Motherhood is a Formal Enquiry, not “a challenge”. It is an Interrogation. Motherhood grabs you by the neck, slings you into a hard metal chair, angles a white hot light in your face and demands an accounting. It cross-examines you until you are no longer sure of who you are and can give no reasonable explanation for just what, exactly, you thought you were doing.

Did you think you were patient? What about the time you had to explain the concept of fractions to your fifth-grader for the eight-hundred and twenty-third time in three days? Thought you were pretty smart? Wait until you try to BS your way out of a moral dilemma and your teen calls your bluff. Think you’re Determined? Pit yourself against a 3 year old who decides overnight that elastic is Very, Very Bad In Every Way, But Most Especially On Pants. Were you strong? Resourceful? Brave? Think again.

It is the single most humbling experience possible to be confronted every day in every way with one’s inadequacies, but that, in a nutshell, has been my experience with parenthood. I cannot be what my children need. I cannot keep them from pain (I’ve been known to inflict it), shield them from mistakes (awfully busy with the fallout from my own), or cushion the blows of The Real World.

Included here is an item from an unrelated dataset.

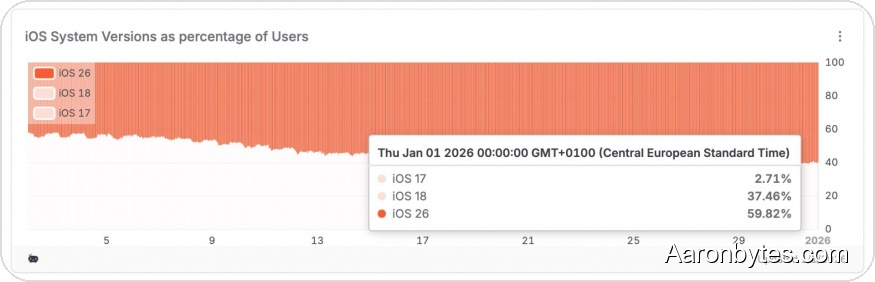 iOS 26 Adoption Lags Big Time as Many Users Sit Out the Overhaul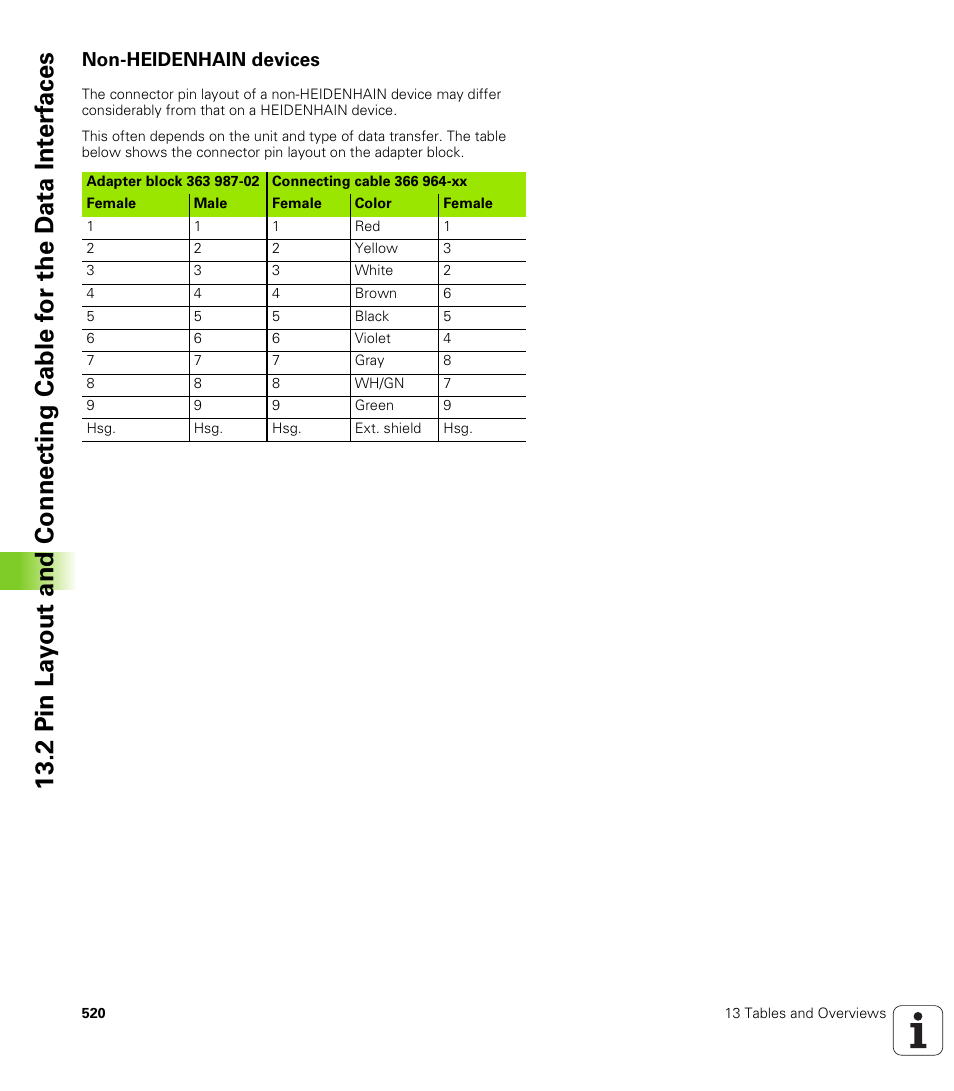 Non-heidenhain devices | HEIDENHAIN iTNC 530 (340 422) ISO programming User Manual | Page 520 / 559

But then, maybe that’s because I’m not supposed to. Maybe that’s not even in the actual job description, but is an addendum stapled on to the back of the original agreement by a society that thinks guilt gives you brownie points. Maybe the point of the whole “Be Fruitful and Multiply” thing is not to achieve fulfillment, but to drive us deeper into the arms of the One who fills us fully.  If we could be everything our children need, what need would they have of Him?

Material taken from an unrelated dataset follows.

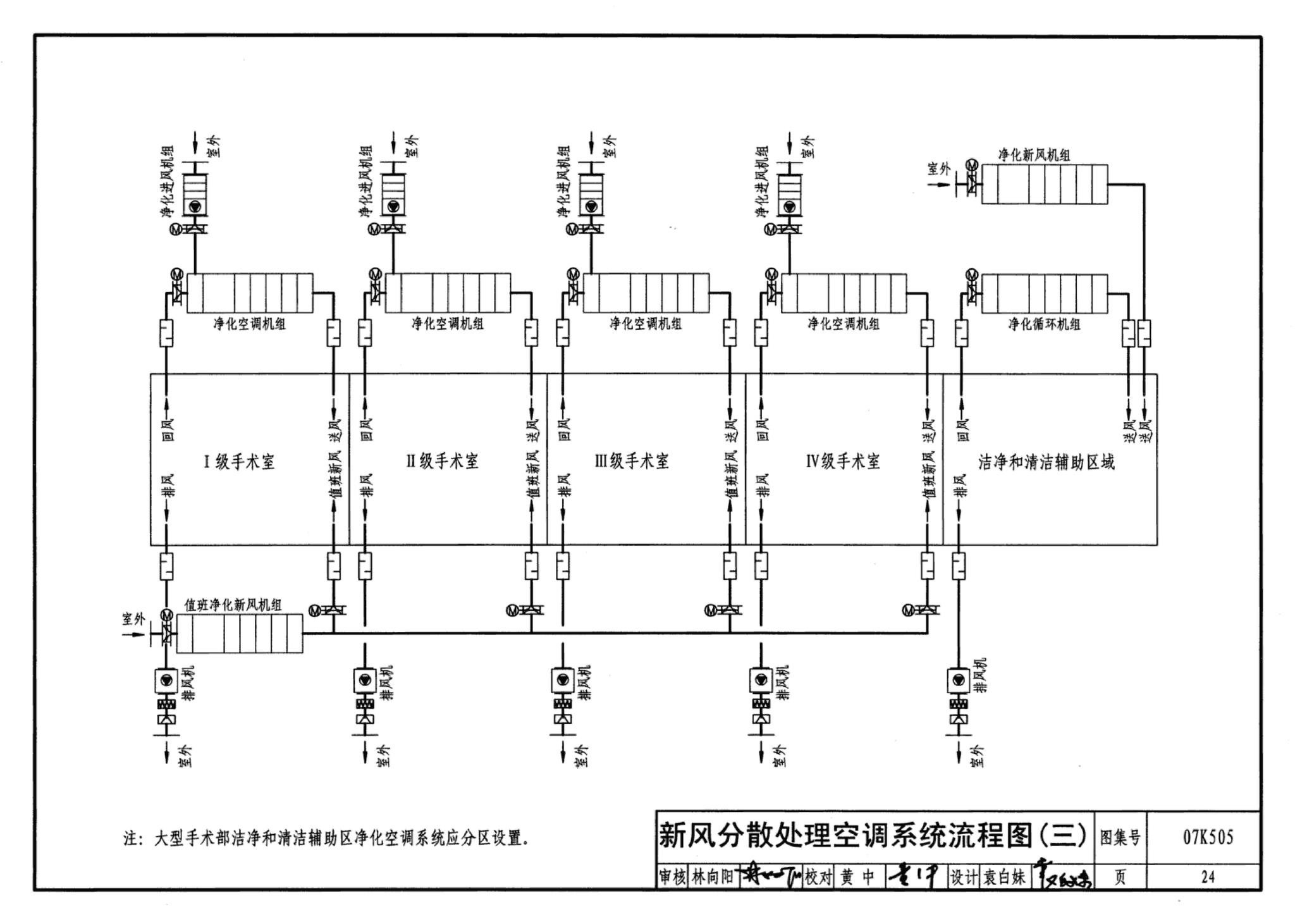 07K505--洁净手术部和医用气体设计与安装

I’ll never be a perfect parent. I think that’s because I’m not supposed to be. God, in His infinite wisdom, set me up for a fall the minute I gazed into the eyes of my firstborn. So instead of trying to be perfect, I think I’ll try being a perfect example of dependence upon Him.

Editor’s pick by Robin @ P E N S I E V E.  Jenni is one of those bloggers that had me wrapped with the first words I read of hers.  She loves the beach and Jesus, she has a picture of feet on her header, she writes poetry, and as a mother of 12, she flat out inspires me.   Here, she’s seamed together a beautiful post conjoining motherhood and her relationship with God; the last paragraph is my favorite.  Be sure to visit her original post so you can eavesdrop on her comments (and add your own), and you’ll be blessed by subscribing in your reader.


6 Comments to “Perfecktion”

  1. I love this–a beautiful picture of humility that allows you to turn to God when you realize you can’t be everything.

    Heather Goodmans last blog post..Artuality: White Crucifixion by Chagall

  2. um, hello- do you live in my house! I’ve done so many of those things and more. Motherhood is a blessing from God but boy does he test our paitence and faith through it at times. I like to just keep reminding myself- this too shall pass!!

    Beautifully written. Thank you for sharing!

  3. Jeni says:

    I think it’s hard for us to remember that we aren’t meant to be everything to our children. The only one who can truly be Everything is God – what a great reminder!

    Jenis last blog post..Wendy’s Birthday

  4. Bonnie says:

    Wow! You’ve hit the nail on the head here. I think all of us parents have the fault of wanting to be perfect… yet as you say, we can’t. So may we be instead models of God’s incredible grace.

    Bonnies last blog post..Book Review: Outriders

  5. ironhide says:

    great sharing.. feel free to drop a comment on my site

  6. cre8ivegirl says:

    Um, you have just said exactly what mosst women are afraid to say. Before we have kids everyone leads us to believe that being a mother is the greatest job in the world; and yes, it is, but it is at the same time DOWN RIGHT TAKE NO PRISIONERS BRUTAL! Thanks for sharing.